Trotz des Rückzug des Werksteams am Ende der Saison 1951 taucht der Name Alfa Romeo bald wieder in den Startlisten der Automobil-Weltmeisterschaft auf. Denn ab 1961 rennt die Königsklasse mit 1,5-Liter großen Saugmotoren. Richtige Rennmotoren dieser Größe sind zunächst knapp. Es gibt sie zunächst nur bei B.R.M. und Ferrari. Die britischen Teams entdecken bei Coventry Climax den Motor einer Feuerwehr-Pumpe. Sie passen diesen für den Betrieb in ihren Rennwagen an. Das rückt praktisch automatisch andere Großserientriebwerke in das Blickfeld der Teams. Dazu zählt auch der Vierzylinder aus der Alfa Romeo Giulietta. Denn der „Bialbero“ ist Anfang der 1960er-Jahre ein äußerst modernes Triebwerk.

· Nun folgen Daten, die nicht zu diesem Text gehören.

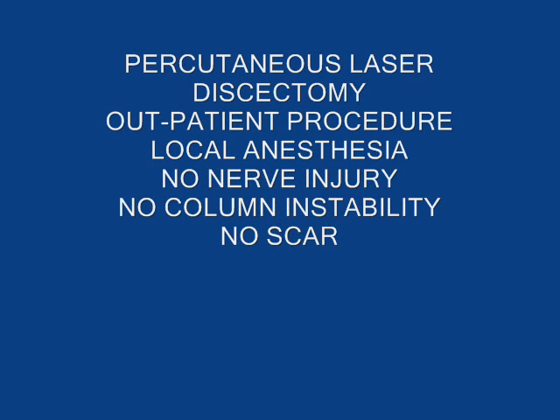The percutaneous laser discectomy is a simple and minimally invasive procedure performed under local anesthesia. It takes 30 to 40 minutes, then the patient is discharged and returns home.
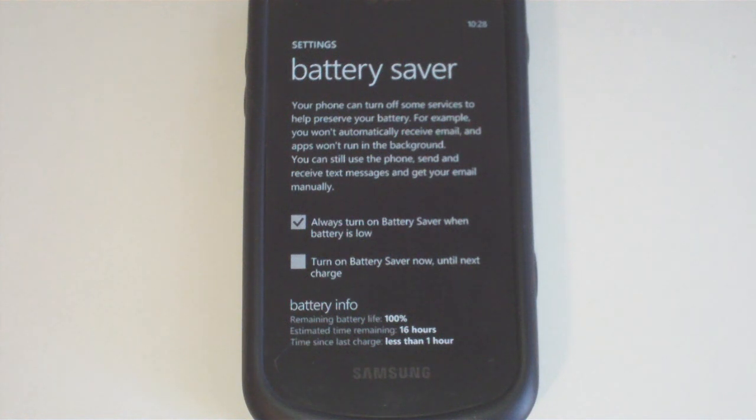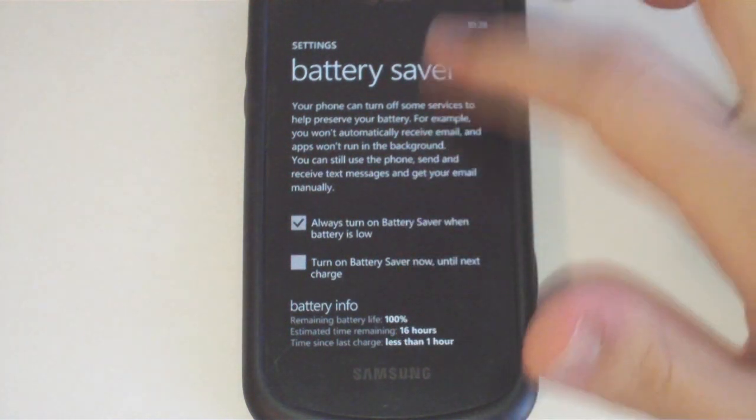There are times when you know you're going to have your phone with you for a while and you're not really going to be using it, and you'll want to make sure your battery really lasts. This is highly experimental, but it should at least have some benefit to your battery life.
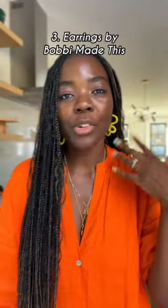These earrings are by Bobby Mathan. If you're into fun, colorful, quirky jewelry, you should definitely check her out.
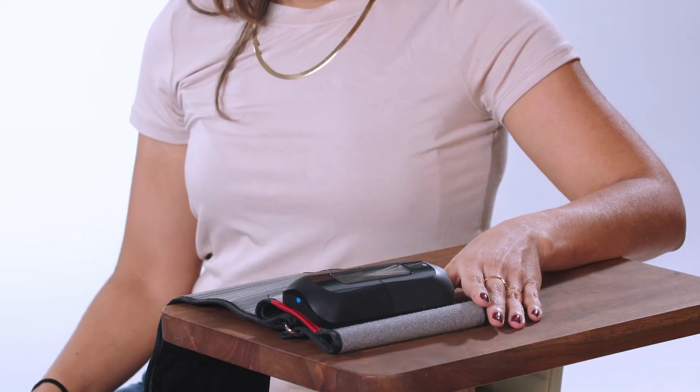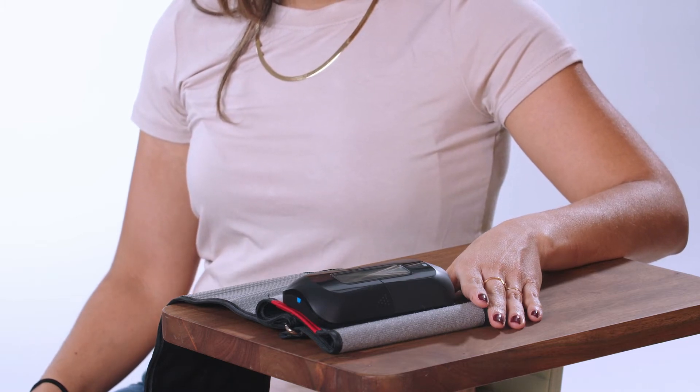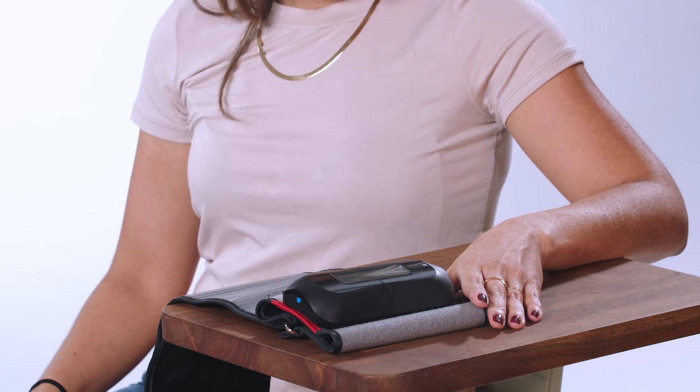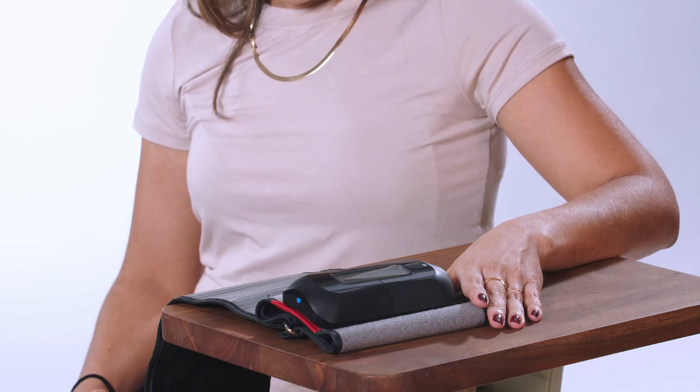Now let's take your first reading. Sit in a chair with a back for support, next to a table or other surface where you can rest your arm. Make sure your feet are flat on the ground, not crossed. Pick which arm you will use, and follow your physician's instructions if he or she told you to take your blood pressure on one specific arm only.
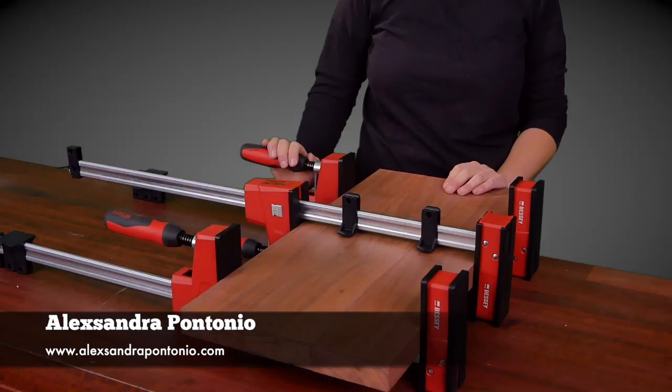Hey, I'm Alex. These are the Bessy K Body Clamps. I love using them. I'm going to show you why.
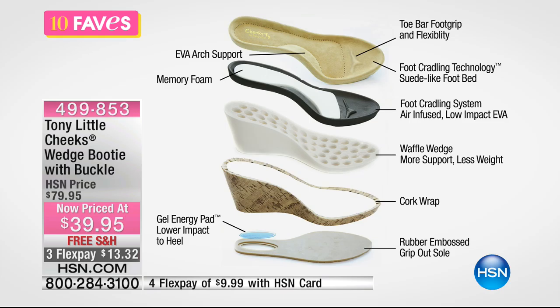It's got memory foam and that foot cradling system. The air infused low impact EVA keeps it lightweight. And then you have your waffle wedge, which gives you more support and less weight — remember, it's not heavy. It's a cork wrap. And then underneath on the outsole, you have that gel energy pad for that low impact heel.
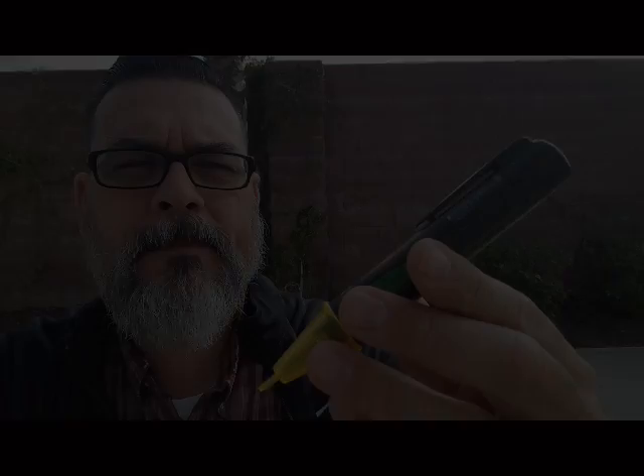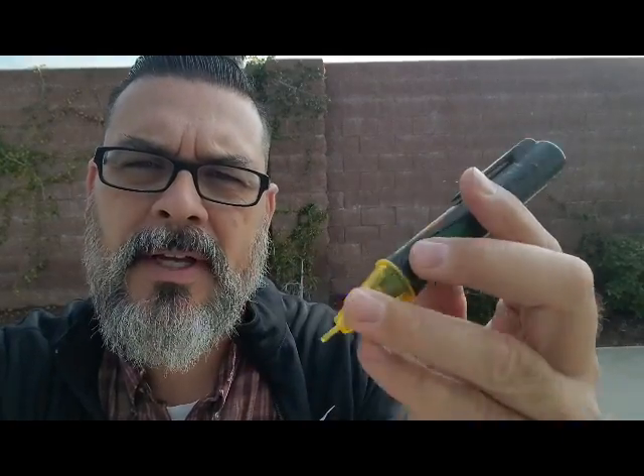I want to give you some thoughts on one of the simplest tools that an electrician or DIYer can use, but it's also misused or misunderstood — and that tool is the non-contact voltage tester. Whether you're a homeowner, apprentice, DIYer, property manager, real estate agent, engineer, or handyman, this is a very good tool to have. But a lot of people use it incorrectly because they don't completely understand what it does or how to use it properly.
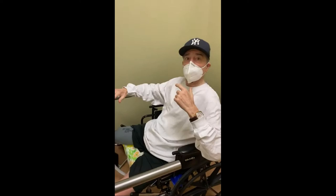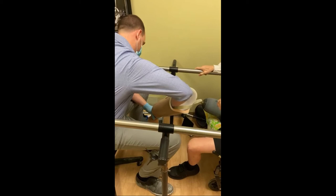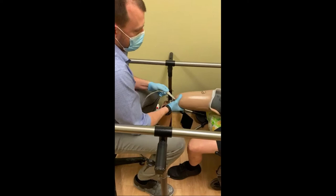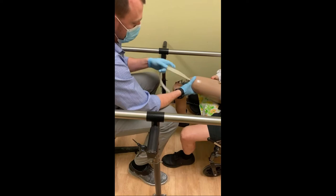Do you see me? Okay, so go ahead. What you're going to do is we're going to attach the leg. I'm attaching the leg. So what's going on here is it's being attached to the gel liner. The gel liner provides suspension and also protects the skin from the hard plastic of the socket.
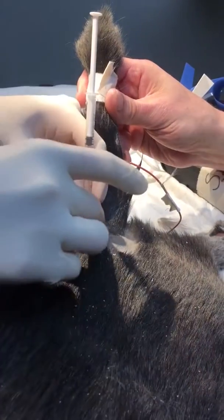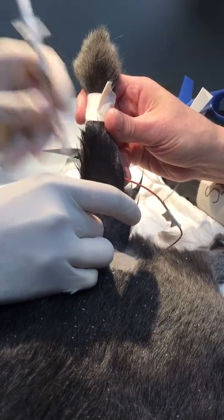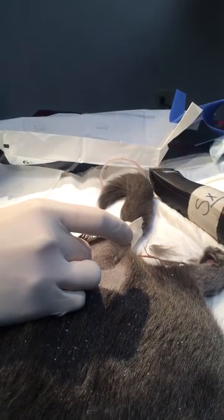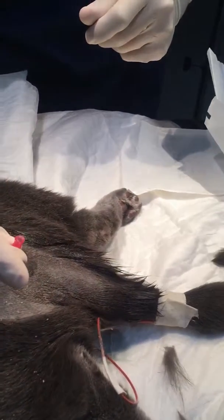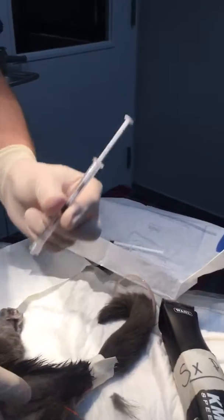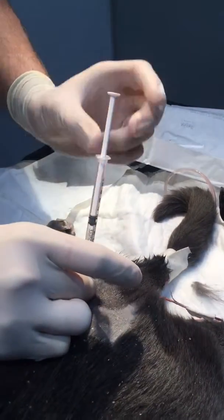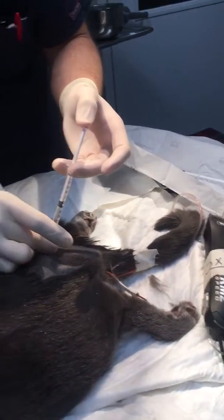So you want to leave the needle there and just take your syringe off. Do not take the needle out at all. When you give this, you should feel no pressure at all — it should go in like zero resistance. In fact, it should go in on its own a little bit as you go. It should follow through.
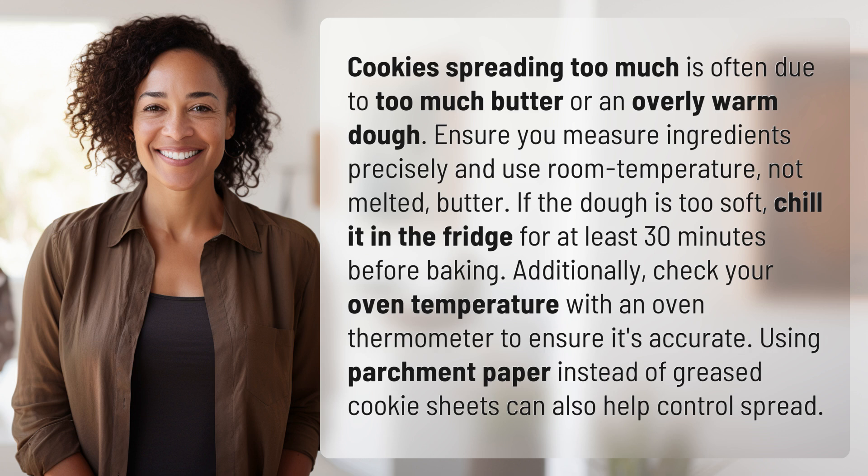Additionally, check your oven temperature with an oven thermometer to ensure it's accurate. Using parchment paper instead of greased cookie sheets can also help control spread.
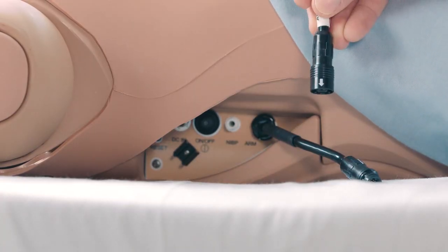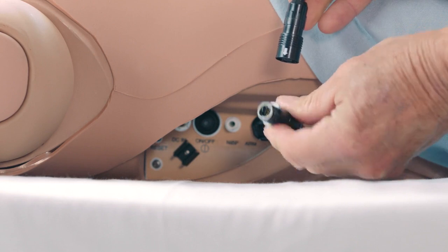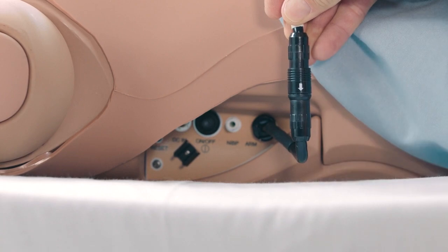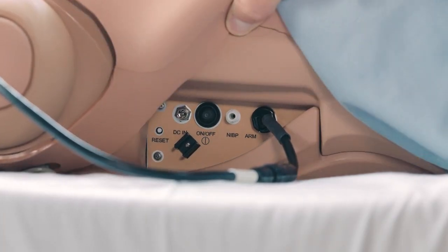Connect the electrical cable from the NIBP arm to the black cable in the mannequin's right side, aligning the white arrows. Connect the extension from the long end of the T-shaped blood pressure adapter to the NIBP port on Juno's right side.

Privatfahrer brachten Alfa Romeo in die Formel 1 zurück
Der Motorblock aus Aluminium ist leicht. Dazu rotieren im ebenfalls aus Alu gegossenen Zylinderkopf zwei Nockenwellen. Mit strammen 100 PS Leistung steht schon das Großserientriebwerk mit 1,3 Litern Hubraum im Serienmodell Giulietta Sprint Speciale gut im Futter. Alles zusammen sind gute Voraussetzungen, um Anfang der 1960er-Jahre einen Rennmotor von einem Serientriebwerk abzuleiten. Das erkennt der Südafrikaner Syd van der Vyver früh. Seinen aus Europa importierten Cooper T43 rüstet van der Vyver mit einem getunten Triebwerk aus Mailand aus und gewinnt 1960 die erste nationale Formel-Meisterschaft Südafrikas. Das Potenzial des Motors sieht auch Alejandro de Tomaso und leitet ein Jahr später ebenfalls einen Rennmotor von dem Serienmotor ab.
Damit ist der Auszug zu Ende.